Settlement Set-Off in Vicarious Liability Situations
Submitted by Bryan McLaughlin on 03 Mar, 2021
Oftentimes, defense counsel is retained to represent both a defendant driver and the owner of the vehicle who has been sued solely under a theory of vicarious liability. In these matters, it is not uncommon for a Plaintiff to serve either: 1) a Proposal for Settlement to only one of the two defendants, or 2) to split proposals for settlement between the two defendants in a fashion where Plaintiff will prevail on at least one of the Proposals, but together they are above an amount at which the case would be reasonably evaluated.
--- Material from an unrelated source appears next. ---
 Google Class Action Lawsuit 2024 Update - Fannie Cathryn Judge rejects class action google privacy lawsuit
Such tactics are meant to try to discourage acceptance of the proposals due to the understanding that acceptance of one of the proposals (although it individually may be reasonable) will not end the litigation against the other defendant. When situations like this occur, it is important to realize that when one of the parties is alleged to only be vicariously liable, the settlement can be set-off against an eventual judgment against the other. See J.R. Brooks & Son, Inc. v. Quiroz, 707 So. 2d 861, 863 (Fla. 3d DCA 1998) (“Where an individual’s liability is solely vicarious, a plaintiff is entitled to only one satisfaction for the same loss and, thus, damages for which the nonsettling defendant is ultimately responsible must be reduced pro tanto by the amount obtained from any settlement previously entered into between the injured party and the person who actually committed the negligent act. Hence, if the defendants’ responsibility for the [injury] were found to rest solely upon the theory of vicarious liability, they would be entitled to reduce the damages awarded by the jury against them by the amount of the settlement.”) See also Grobman v. Posey, 863 So. 2d 1230 (Fla. 4th DCA 2003); Fla. Stat. § 46.015; and Fla. Stat. § 768.041.
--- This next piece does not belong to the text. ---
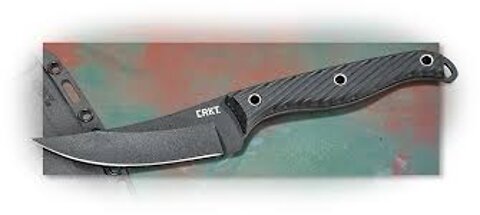 Iron Wings Reviews: CRKT Clever Girl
For example: A Plaintiff has served two separate $100,000 Proposals for Settlement to a driver and owner in a case that has a settlement value of $150,000. If the owner accepts the Proposal for Settlement and the jury returns a verdict against the driver for $150,000, the driver will be able to reduce the award to $50,000 based on the settlement by the owner. Thus, after the reduction, the driver will not be subject to pay the Plaintiff’s attorneys fees.